Specifying the Inactivity Timer

Use the ip flow-cache timeout inactive command to specify a value for the inactivity timer. The inactivity timer measures the length of time expired since the virtual router recorded the last datagram for a given flow. When this timer expires, the virtual router exports the flow cache entry from the cache and removes it. When, at a later time, another datagram begins that uses the same flow characteristics, the virtual router allocates a new flow cache entry, and the inactivity timer begins again. The possible range for the inactivity timer value is 10 – 600 seconds. The default value is 15 seconds.

Specifying Flow Export

Use the ip flow-export command to specify the location to which you want to export the J-Flow datagrams.

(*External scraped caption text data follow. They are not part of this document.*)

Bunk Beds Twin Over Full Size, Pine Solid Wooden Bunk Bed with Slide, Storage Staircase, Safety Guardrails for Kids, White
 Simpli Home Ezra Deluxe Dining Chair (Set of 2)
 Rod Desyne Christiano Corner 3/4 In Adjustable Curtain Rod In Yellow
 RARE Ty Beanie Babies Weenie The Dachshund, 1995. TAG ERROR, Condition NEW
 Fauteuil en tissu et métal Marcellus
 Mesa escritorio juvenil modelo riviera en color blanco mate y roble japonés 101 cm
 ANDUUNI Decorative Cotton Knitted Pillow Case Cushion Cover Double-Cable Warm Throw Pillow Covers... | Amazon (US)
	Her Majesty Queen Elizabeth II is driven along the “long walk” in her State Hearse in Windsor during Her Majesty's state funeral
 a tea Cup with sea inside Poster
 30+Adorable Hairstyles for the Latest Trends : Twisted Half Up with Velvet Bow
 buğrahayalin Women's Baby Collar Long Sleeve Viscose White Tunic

Configuring Aggregation Flow Caches

Aggregation caches are disabled by default. Exporting flow records from the router does not occur while it is in the disabled state. When the configuration for an aggregation cache is changed from enabled to disabled state, all flow records from that cache are removed and flow collection stops.

For Prefix, Destination Prefix, and Source Prefix aggregation caches, you can specify a minimum source and destination mask size to affect the granularity of the IP address space captured in the aggregation cache. The commands to configure the minimum mask size for the source and destination address are issued in Flow Cache Configuration mode and are specific to each aggregation cache:

The value (a number in the range 1–32) specifies the size of the minimum mask. The no version restores the default minimum mask size, which is 0. A mask of size N has the N most significant bits set in the corresponding bit mask.

You cannot configure a minimum mask size for aggregation caches that do not retain an IP address in their aggregation scheme (like the AS aggregation cache). You can configure the Prefix aggregation cache for both source and destination minimum mask size. You can configure only the source minimum mask size for the Source Prefix aggregation cache. You can configure only the destination minimum mask size for the Destination Prefix aggregation cache.

The peer/origin information configured with the export command for the man V5 cache is used to display the AS number of the AS aggregation cache for both the source and destination AS. If no (default) configuration is present, zero appears in the AS numbers for both V5 export and V8 export and in the show commands for the V8 AS aggregation cache.

Establish an aggregation cache:

1. Enter Flow Cache Configuration mode for the AS aggregation cache.
   host1(config)#ip flow-aggregation cache as
2. Configure the number of entries (1024—524288) in the aggregation cache; the no version sets the number of entries back to its default value of 4096 (flow-data may be lost if the previous setting is larger than the default).
   host1(config-flow-cache)#cache entries entryNumber
3. Set the active (1-60) and inactive (10-600) aging timers.
   host1(config-flow-cache)#cache timeout active active-tmo host1(config-flow-cache)#cache timeout inactive inactive-tmo
4. Configure an export destination for the aggregation cache; the no version removes the destination.
   host1(config-flow-cache)#export destination { hostname | ip address } udp-port-number
5. Set the source IP address for datagrams containing information from this cache: the no version removes the explicit setting of the source address.
   host1(config-flow-cache)#export source interfacetype interface
6. Enable the aggregation cache.
   host1(config-flow-cache)#enabled

   The aggregation cache starts accumulating information from the flow cache; the no version stops the accumulation of information from the flow cache, but does not suspend the operation of the flow cache.